Mortgage Debacle in USA
KTM Metro Reporter
How deep the Mortgage debacle hole in USA? This is anyone's guess. Subprime investments has sent shivers down many investors reaching as far as other side of the globe. Many investors seeking higher returns, knowingly or unknowingly, invested in assets which seems more secure than stocks. However, these seemingly low risk assets turned out to be risker. As borrowers were not able to make the payment to their loan (mortgage) that they took out to buy homes, they defaulted on their mortgage. Such is the case in most of the foreclosure homes. However, banks and investors were not able to recuperate the loan money due to falling prices of house. Therefore, they had to write down the loans that they could not recuperate.
Western banks are in liquidity crunch due to write down. The liquidity crunch is exasperated by unwillingness of banks to lend to each others. There is a trust issue as nobody is sure how much write downs that have not been announced in banks book. This fear of unknown amount of bad loans has caused banks to be too cautious in their lending practices even so that they are even not lend each other.
Asian banks have been seen playing a life saving role to western banks who are in liquidity crisis.

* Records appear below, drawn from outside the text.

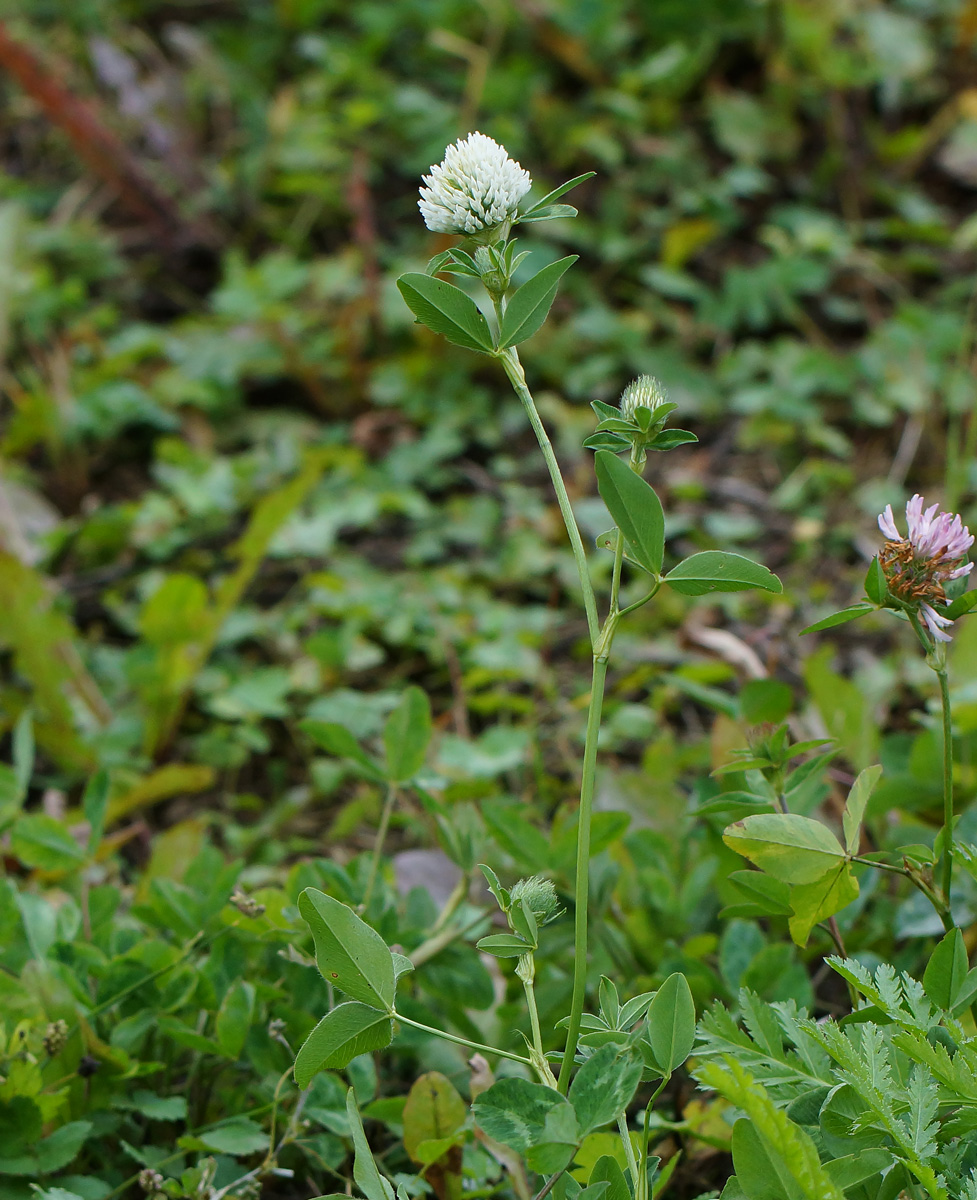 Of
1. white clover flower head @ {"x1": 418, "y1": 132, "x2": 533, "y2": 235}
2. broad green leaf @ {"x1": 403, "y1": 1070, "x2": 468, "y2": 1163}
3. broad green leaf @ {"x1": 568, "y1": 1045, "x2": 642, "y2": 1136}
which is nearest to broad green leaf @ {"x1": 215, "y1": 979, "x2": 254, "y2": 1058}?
broad green leaf @ {"x1": 403, "y1": 1070, "x2": 468, "y2": 1163}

In the mean time, stock price of most of the western banks are low providing an opportunity for Asian banks to buy western banks at a bargain price. UBS became the latest Western bank to get bought from the cash-rich East. UBS is selling a stake of more than 10 percent to investors from Singapore and the Middle East as it wrote down $10 billion more in mortgage-related assets. The two investors — the Government of Singapore Investment Corporation and an unidentified Middle East investor — will inject $9.7 billion and $1.8 billion, respectively, into the troubled Swiss bank.

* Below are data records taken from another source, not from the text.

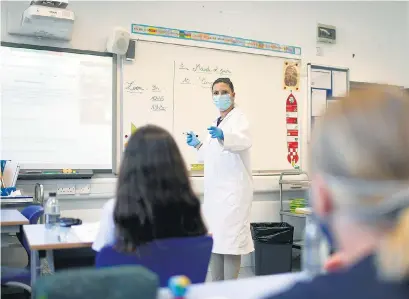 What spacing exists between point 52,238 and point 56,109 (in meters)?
1.66

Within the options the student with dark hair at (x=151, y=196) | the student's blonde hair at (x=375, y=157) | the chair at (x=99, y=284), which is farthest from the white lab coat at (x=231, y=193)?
the student's blonde hair at (x=375, y=157)

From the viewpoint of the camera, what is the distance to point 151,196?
1.47 meters

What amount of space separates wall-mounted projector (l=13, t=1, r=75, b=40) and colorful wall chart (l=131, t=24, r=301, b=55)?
0.59 meters

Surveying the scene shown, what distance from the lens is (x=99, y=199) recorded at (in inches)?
141

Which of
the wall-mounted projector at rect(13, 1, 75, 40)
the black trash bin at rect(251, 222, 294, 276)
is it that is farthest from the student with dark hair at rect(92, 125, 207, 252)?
the black trash bin at rect(251, 222, 294, 276)

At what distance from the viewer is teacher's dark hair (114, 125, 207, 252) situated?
147 centimetres

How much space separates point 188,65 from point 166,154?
2.45 metres

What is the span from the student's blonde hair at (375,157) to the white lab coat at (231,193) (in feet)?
7.86

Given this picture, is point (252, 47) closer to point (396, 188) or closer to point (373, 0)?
point (373, 0)

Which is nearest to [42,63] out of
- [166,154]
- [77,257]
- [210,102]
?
[210,102]

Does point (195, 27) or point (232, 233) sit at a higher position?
point (195, 27)

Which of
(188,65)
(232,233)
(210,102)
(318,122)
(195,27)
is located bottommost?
(232,233)

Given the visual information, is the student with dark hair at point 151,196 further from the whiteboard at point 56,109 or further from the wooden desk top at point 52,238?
the whiteboard at point 56,109

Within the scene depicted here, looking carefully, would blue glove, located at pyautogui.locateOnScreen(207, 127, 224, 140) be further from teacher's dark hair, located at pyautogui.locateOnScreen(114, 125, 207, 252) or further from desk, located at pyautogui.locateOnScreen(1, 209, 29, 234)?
teacher's dark hair, located at pyautogui.locateOnScreen(114, 125, 207, 252) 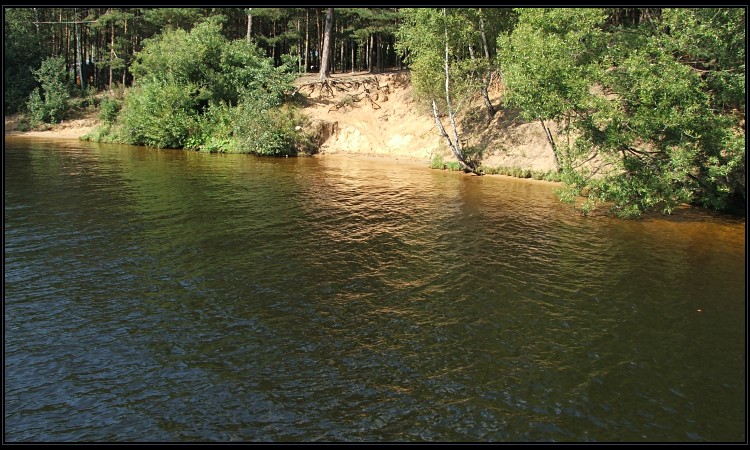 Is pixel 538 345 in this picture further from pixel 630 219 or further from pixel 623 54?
pixel 623 54

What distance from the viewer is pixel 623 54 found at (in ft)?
94.9

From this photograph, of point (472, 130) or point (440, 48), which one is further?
point (472, 130)

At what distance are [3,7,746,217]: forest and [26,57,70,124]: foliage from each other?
206 millimetres

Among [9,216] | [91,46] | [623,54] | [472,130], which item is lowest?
[9,216]

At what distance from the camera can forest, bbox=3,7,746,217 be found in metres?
25.0

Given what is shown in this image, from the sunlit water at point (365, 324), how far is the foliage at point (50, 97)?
4736 cm

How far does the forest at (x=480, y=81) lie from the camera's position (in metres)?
25.0

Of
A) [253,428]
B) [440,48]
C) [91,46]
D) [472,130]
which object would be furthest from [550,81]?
[91,46]

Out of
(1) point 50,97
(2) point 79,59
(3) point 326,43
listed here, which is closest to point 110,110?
(1) point 50,97

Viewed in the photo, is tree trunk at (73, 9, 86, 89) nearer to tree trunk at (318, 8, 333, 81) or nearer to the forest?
the forest

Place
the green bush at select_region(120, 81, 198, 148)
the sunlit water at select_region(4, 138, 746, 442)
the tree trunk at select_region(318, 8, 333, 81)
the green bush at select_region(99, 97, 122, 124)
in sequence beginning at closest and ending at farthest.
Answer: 1. the sunlit water at select_region(4, 138, 746, 442)
2. the green bush at select_region(120, 81, 198, 148)
3. the tree trunk at select_region(318, 8, 333, 81)
4. the green bush at select_region(99, 97, 122, 124)

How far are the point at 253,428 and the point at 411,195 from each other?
22.5m

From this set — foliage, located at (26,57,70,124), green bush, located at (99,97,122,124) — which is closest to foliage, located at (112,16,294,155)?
green bush, located at (99,97,122,124)

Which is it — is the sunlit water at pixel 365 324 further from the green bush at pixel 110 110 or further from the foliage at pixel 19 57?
the foliage at pixel 19 57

Other big US bank, Citigroup, has been recently bought a stake of $7.5 billion by the Abu Dhabi Investment Authority, after Citigroup announced a fresh write down of $8 billion to $11 billion related to bad subprime investments.
UBS’s big write-down comes on top of a $3.7 billion charge in October, making it by far the biggest casualty of the American home-mortgage crisis among banks outside the United States. The emergence of white knights from Asia and the Middle East underscores the growing financial might of these countries.